Segment Start: DATA EXCERPTS
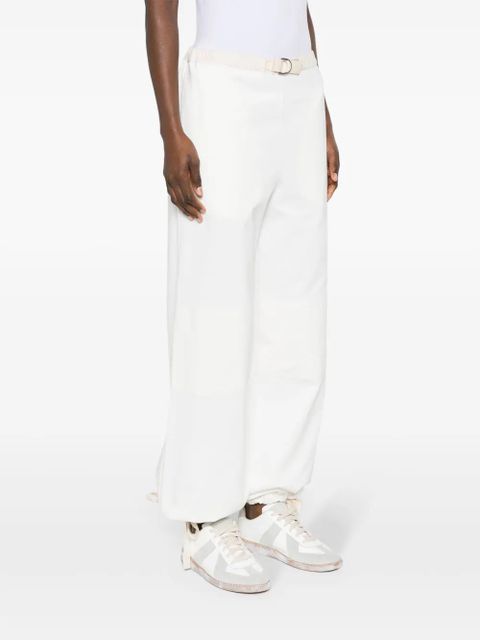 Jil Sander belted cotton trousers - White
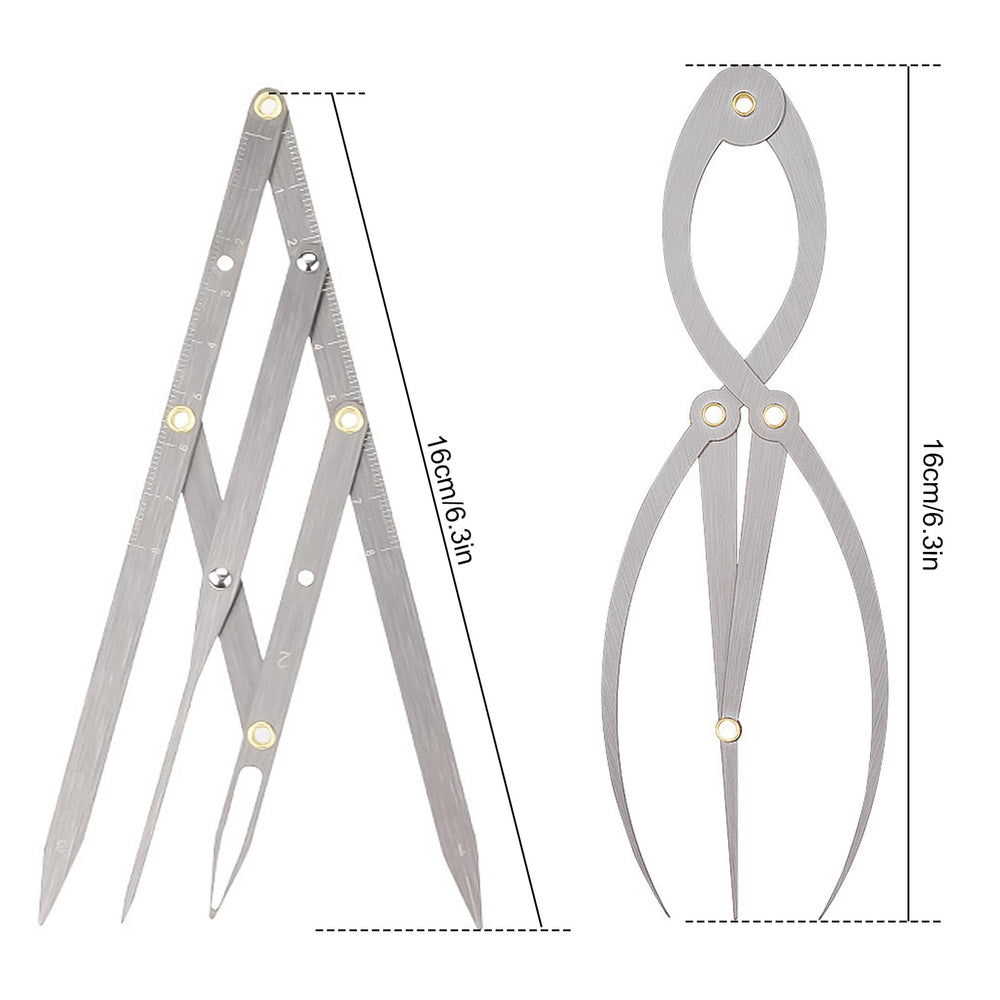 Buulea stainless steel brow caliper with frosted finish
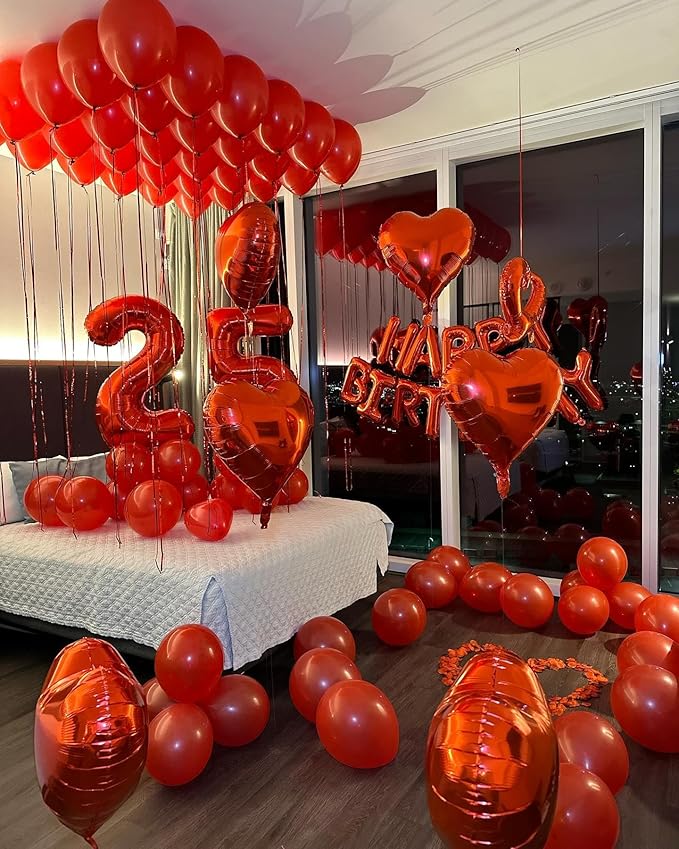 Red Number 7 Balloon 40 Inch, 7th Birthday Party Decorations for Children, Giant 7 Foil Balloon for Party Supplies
Segment End: DATA EXCERPTS
Segment Start: DATA EXCERPTS
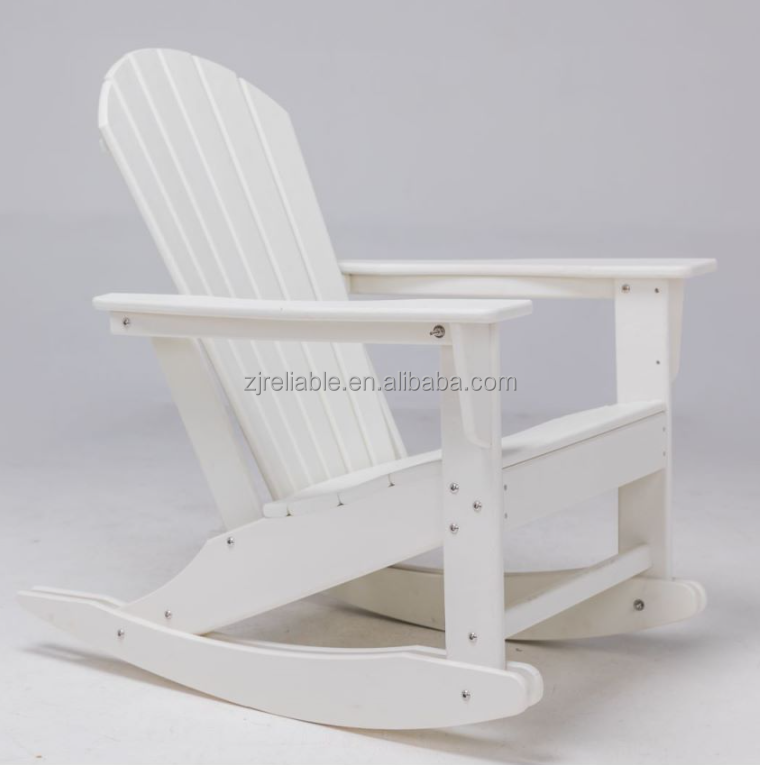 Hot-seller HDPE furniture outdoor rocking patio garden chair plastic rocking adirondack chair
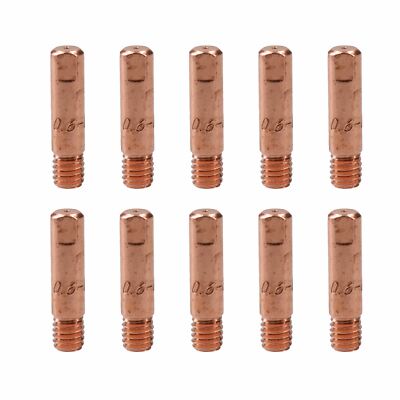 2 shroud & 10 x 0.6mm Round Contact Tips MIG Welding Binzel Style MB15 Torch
Segment End: DATA EXCERPTS
▸ EXERCISE DIRECTIONS:
What is needed is an exact copy of the lines above, from the one holding "Hot-seller HDPE furniture" down to the one holding "2 shroud & 10", with those two included and the pictures left out.

▸ SOLVED EXERCISE:
 Hot-seller HDPE furniture outdoor rocking patio garden chair plastic rocking adirondack chair
 2 shroud & 10 x 0.6mm Round Contact Tips MIG Welding Binzel Style MB15 Torch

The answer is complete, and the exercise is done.